This is what “over-the-horizon capability” looks like: the destruction of people’s lives and families. In what way does this advance human rights? Honor women’s rights and protections? Ensure the safety of children? It does not. Because that is not the point— never was, never will be.
As we move away from the 20th anniversary of 9/11, I would also like to mention that while almost 3,000 American citizens died in the 9/11 attacks (which spurred the Afghanistan War forward), the War on Terror killed more than 71,000 Afghan civilians. Let us remember that when we speak about the loss of human life and the cost of war.
Nobody knows what will be in store for the future of Afghanistan and its people. Time will tell, as is often the case with matters like this one. In the meantime, the world needs to open its arms to Afghan refugees seeking safety from the Taliban regime.
In the coming weeks, Maryland expects to receive more than 180 Afghan nationals, according to a press release from Governor Larry Hogan. Operation Allies Refuge, the system Maryland will use to grant Afghan refugees Special Immigrant Visas (SIVs), will help them start a life here.
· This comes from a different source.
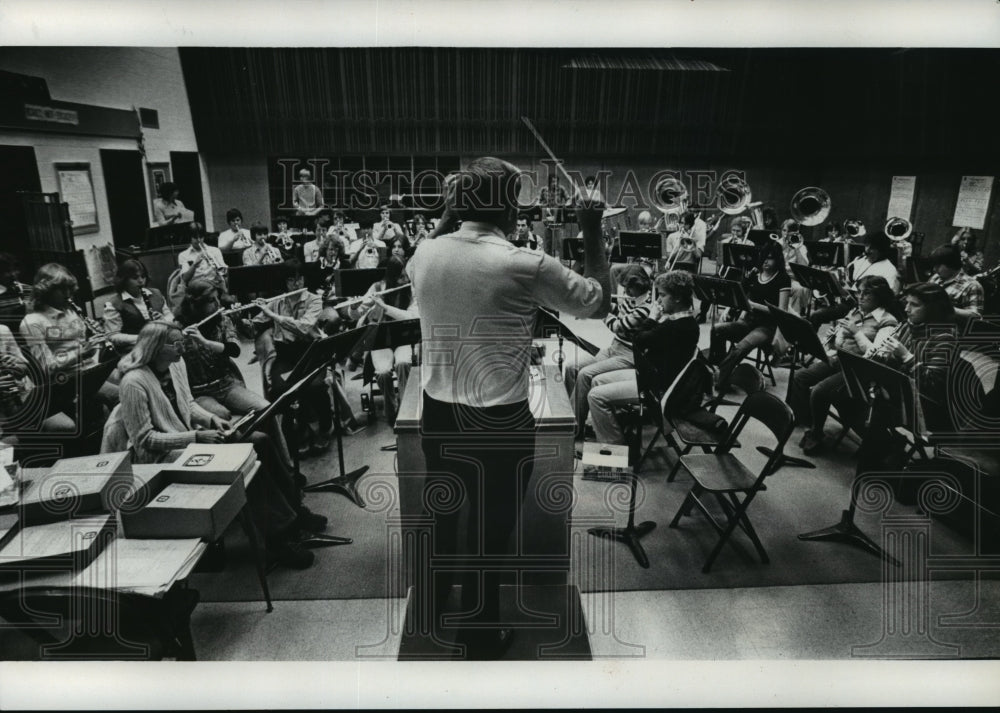 1978 Press Photo Henry Canitz led Milwaukee Pops Youth Band during a rehearsal - Historic Images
More is required, however.
According to Rose Wagner of the Baltimore Sun, there are five services you can contact to assist Afghan refugees in the DMV area: Lutheran Social Services of the National Capital Area, International Rescue Committee in Baltimore, Lutheran Immigration and Refugee Service, Maryland Muslims Welcome Refugees drive and the Church World Service in Washington, D.C.
America, along with other Western countries, shares responsibility for the current situation in Afghanistan, so it is not only fair, but also the moral obligation of these countries to receive these refugees and provide them with all the tools necessary for a life worthy of dignity and respect.